Assumindo ter sido "um consumidor exagerado", a coisa complicou-se com a morte do pai, com quem trabalhava na agência funerária da família, perdendo, assumiu, o controlo da sua vida até "cair no poço".
O teatro chegou através das instituições de que recebeu apoio e, nos últimos 15 anos, somou experiências em palco, fez voluntariado e até já deu formação na área, contou.
Atualmente a fazer uma formação em programas 3D na área da arquitetura, olha para a hora em que o pano subir, às 16:00 de sábado, com alegria e uma certeza: "Vou estar completamente focado, o TDAH não se vai fazer sentir".
Paula Cruz começou a conversa com a Lusa com uma síntese da sua vida: "Uma rapariga inteligente, com pouca família, pouco amor, muito dinheiro, muito sucesso na vida profissional, um percurso atribulado na idade adulta e as drogas que estragaram a vida".
Hoje é a participação no maior número de projetos de teatro que a estimula a continuar, justificando-o como "um sentimento de liberdade enorme e uma autorrealização profunda".
"Sim, eu gosto de levar trabalho para casa quando se trata de teatro", disse, explicando que essa missão passa por conseguir "viver num mundo mais normal, de acordar e trabalhar, preparação física e mental, tudo o que engloba o dia-a-dia de um trabalhador normal".
Quando questionada sobre como vai ser a estreia, Paula olhou para o palco e encheu o peito antes de responder: "Amanhã [sábado] vou estrear numa das principais salas do país. Vai ser uma maravilha! É um sonho realizado".
O diretor artístico Rui Spranger fala das dores de crescimento de um projeto que obriga a ter paciência, a não julgar, mas a ter pulso forte quando o grupo pode ficar em causa.
"Aqui, aquilo que fizemos é combater o estigma, fazer espetáculos que têm uma componente mais social e mais política, e o trabalhar para dentro, que é o resultado deste espetáculo, que é fazer desafios teatrais e artísticos mais exigentes, num processo também que ele é em si também de formação, mas que permita abrir horizontes", descreveu.

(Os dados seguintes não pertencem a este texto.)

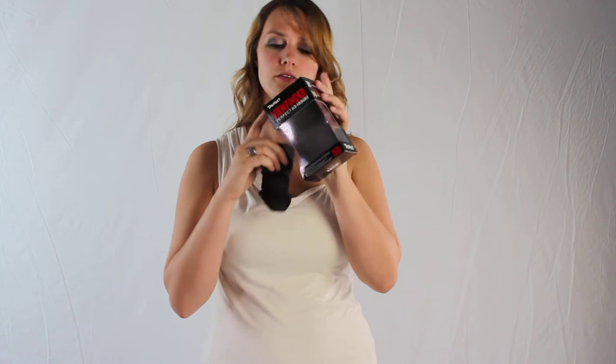Now first, when you receive your package, you're going to receive it here in this box. It's going to come with your foldable LCD viewfinder, as well as your frame, and then of course a nice neck strap for it.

E prosseguiu: "Com este espetáculo, procuramos um desafio artístico grande, com algumas pessoas que têm alguma desfuncionalidade e propomos um teatro físico, teatro de 'clown' [palhaço em inglês], que é tecnicamente exigente, e que constituiu um grande desafio e correspondeu a um grande trabalho, um grande esforço da parte de todos".
Sobre a componente da integração social destacou que, além do "sentimento de pertença, estas pessoas passaram a comunicar melhor, a concentrar-se mais, ganharam autoconfiança; isso fez com que algumas pessoas tivessem arranjado trabalho, deixassem de estar numa situação de dependência do RSI [Rendimento Social de Inserção] e hoje são cidadãos contribuintes".
"Por causa disso, tivemos de passar os ensaios, que eram entre as 15h00 e as 17h00, para entre as 18h00 e as 20h00, para poder integrar as pessoas que, entretanto, ou foram trabalhar ou começaram a estudar, ou recomeçaram a estudar", contou.
Os bilhetes custam entre 10 e 16 euros, sendo que metade da receita reverte para a associação Albergues do Porto, que apoia pessoas em situação de sem-abrigo no Porto, e a parte restante da receita será aplicada em atividades de envolvimento comunitário promovidas pelo Teatro Nacional São João.